SUMMARY OF THE INVENTION

[0006] With the conventional method executing the watermarking process with respect to all of the video images, large-scale calculation is required since there is a need to carry out the process with respect to a number of frames and pixels. As a result, there is the problem that the process time is long. In addition, in case one attempts to aim for an acceleration regarding this electronic watermarking process for all of the video images, there is no method other than aiming for an improvement in the performance of the hardware serving as the process execution platform, i.e. an improvement in the performance of the CPU (Central Processing Unit) or the HDD (Hard Disk Drive) access, so there is the problem that a great expense is necessary for a reinforcement of the hardware resources. Moreover, in the case of the watermarking process, if there is the limitation from a performance point of view that the CPU used in the hardware serving as the process execution platform is one having the maximum performance currently available, or the like, there is the problem that the desirable watermarking process performance can not be obtained.

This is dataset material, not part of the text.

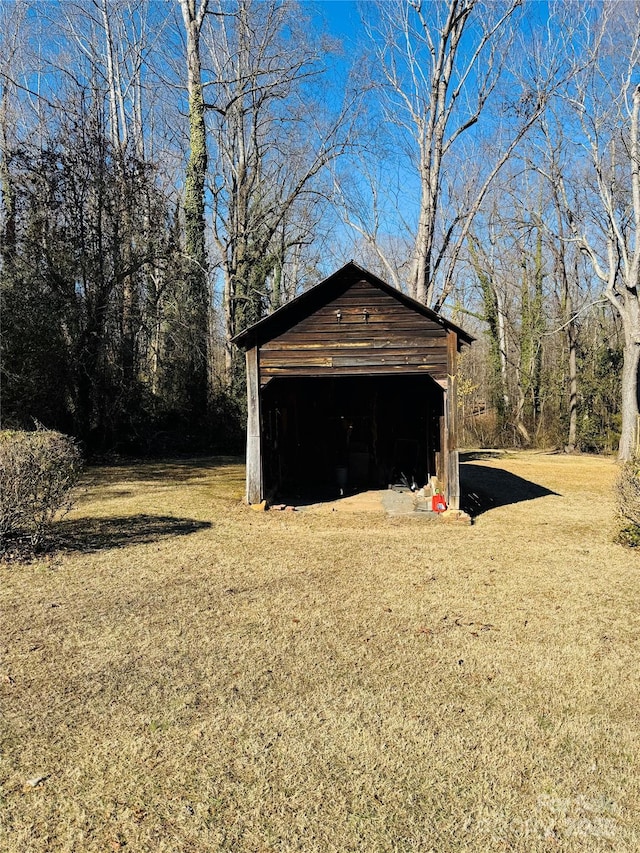 garage with a lawn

[0007] It is an object Detailed Description of the embodiments to provide a technology capable of implementing, relative to the process of embedding electronic watermarks in digital video content, an improvement in the process efficiency and a shortening of the process time by a reduction in the computing volume, even in the case where a reinforcement of the hardware resources can not be expected.

[0008] The inventive concepts alleviate the above noted problems with arising when performing the process of embedding electronic watermarks in video data constituting digital video content, and, with the present invention, there is provided a means for this (the process of embedding electronic watermarks) which discriminates audio classes using differences in sampling characteristics, etc., relative to synchronously reproduced audio data and limits the video data domains targeted for processing to embed electronic watermarks, depending on the audio class.

[0009] Other objects, characteristics, and advantages of the present invention should be clear from the description hereinafter of the embodiments of the present invention.

BRIEF DESCRIPTION OF THE DRAWINGS

[0010] The drawing figures depict one or more implementations in accord with the present concepts, by way of example only, not by way of limitation. In the figures, like reference numerals refer to the same or similar elements.

[0011] FIG. 1 is an explanatory diagram showing a basic outline of the process occurring in an electronic watermarking program.

[0012] FIG. 2 is diagram showing characteristics of common analog sound sampling.

[0013] FIG. 3 is an explanatory diagram showing the outline of the process of an electronic watermarking program.

[0014] FIG. 4 is a block diagram showing the process and input output data of an electronic watermarking program.

[0015] FIG. 5 is a diagram showing a hardware configuration example.

[0016] FIG. 6 shows an example of audio judgment criteria and setting values for cases targeted for processing.

[0017] FIGS. 7A and 7B are diagrams showing another hardware configuration example.

DETAILED DESCRIPTION OF THE EMBODIMENTS

[0018] Hereinafter, the embodiments of the present invention will be explained in detail based on the drawings. Further, in the drawings for explaining the embodiments, like reference numerals are as a rule attached to like parts, and repeated explanation of these will be omitted.

[0019] FIG. 1 is an explanatory diagram showing an example of a basic outline of the process occurring in an electronic watermarking program, method, and apparatus.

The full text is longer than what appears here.